[[ COLLECTED MATERIAL, beginning ]]
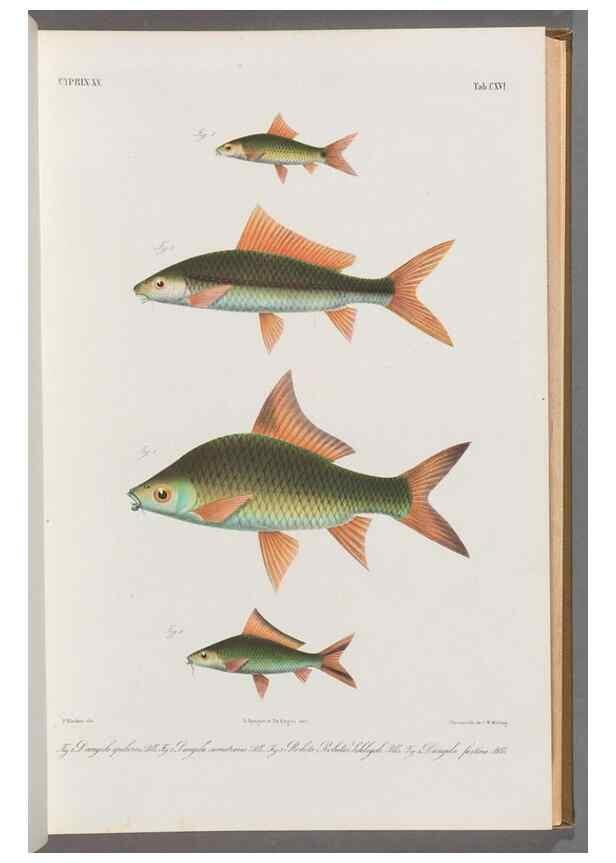 Reproducción/Reproduction 48908272378: Atlas ichthyologique des Indes orientales néêrlandaises :. Amsterdam :Frédéric Muller, editeur,1862-1878. 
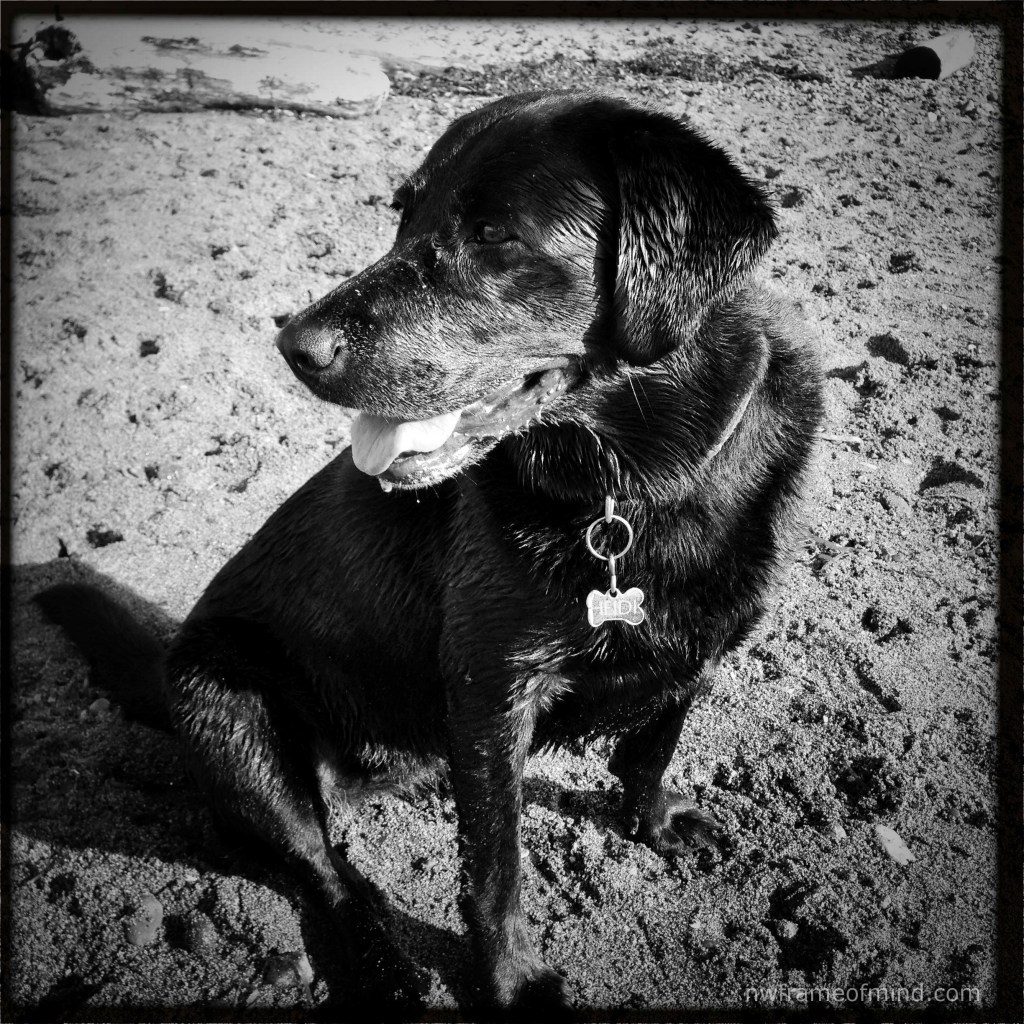 Black and White Animals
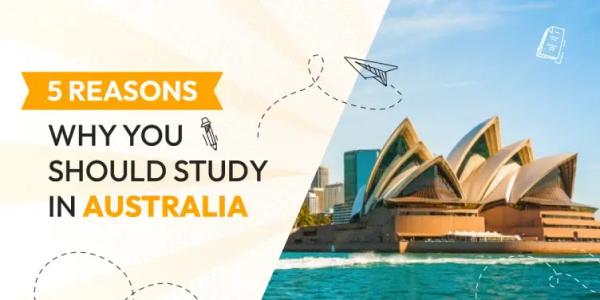 Reasons Why You Should Study in Australia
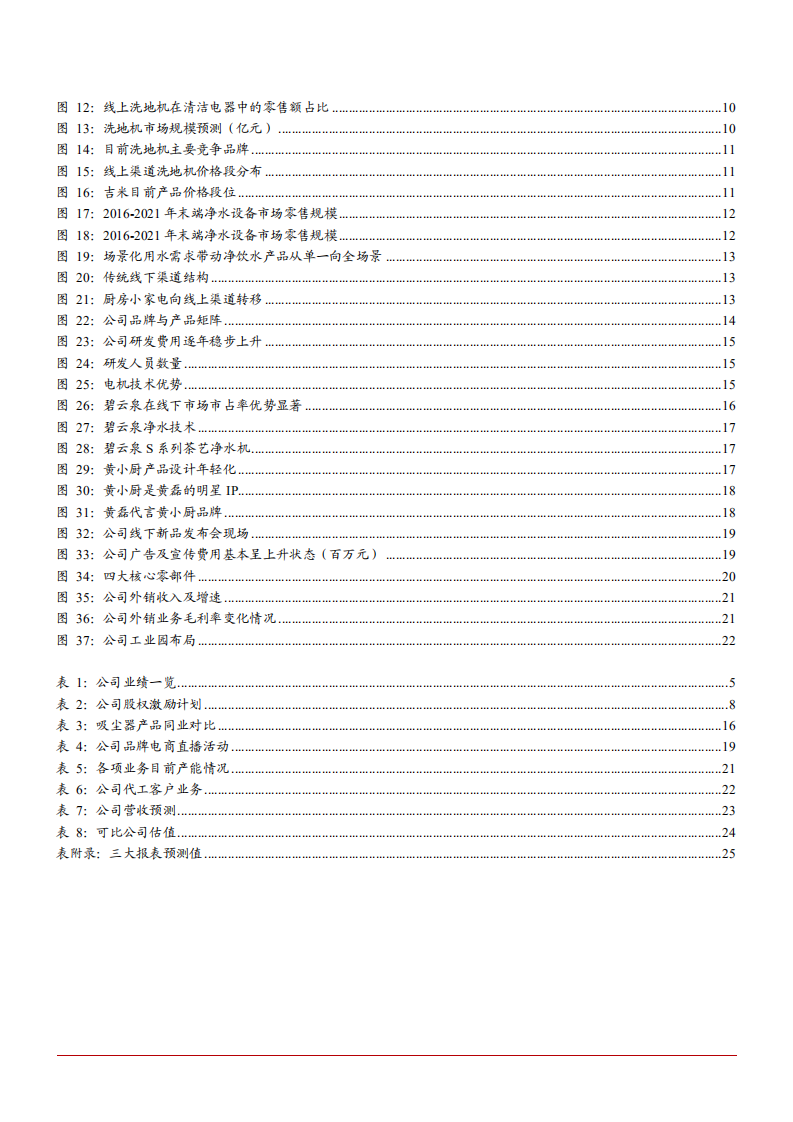 2021年吸尘器代工领域莱克电气公司盈利能力分析报告.pdf 第2页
[[ COLLECTED MATERIAL, end ]]
**WHAT YOU HAVE TO DO:** The copy should hold, exactly, the lines from the one containing "Black and White Animals" to the final line of the listing above, with both ends present and no pictures.

**ANSWER TO THIS PROBLEM:**
 Black and White Animals
 Reasons Why You Should Study in Australia
 2021年吸尘器代工领域莱克电气公司盈利能力分析报告.pdf 第2页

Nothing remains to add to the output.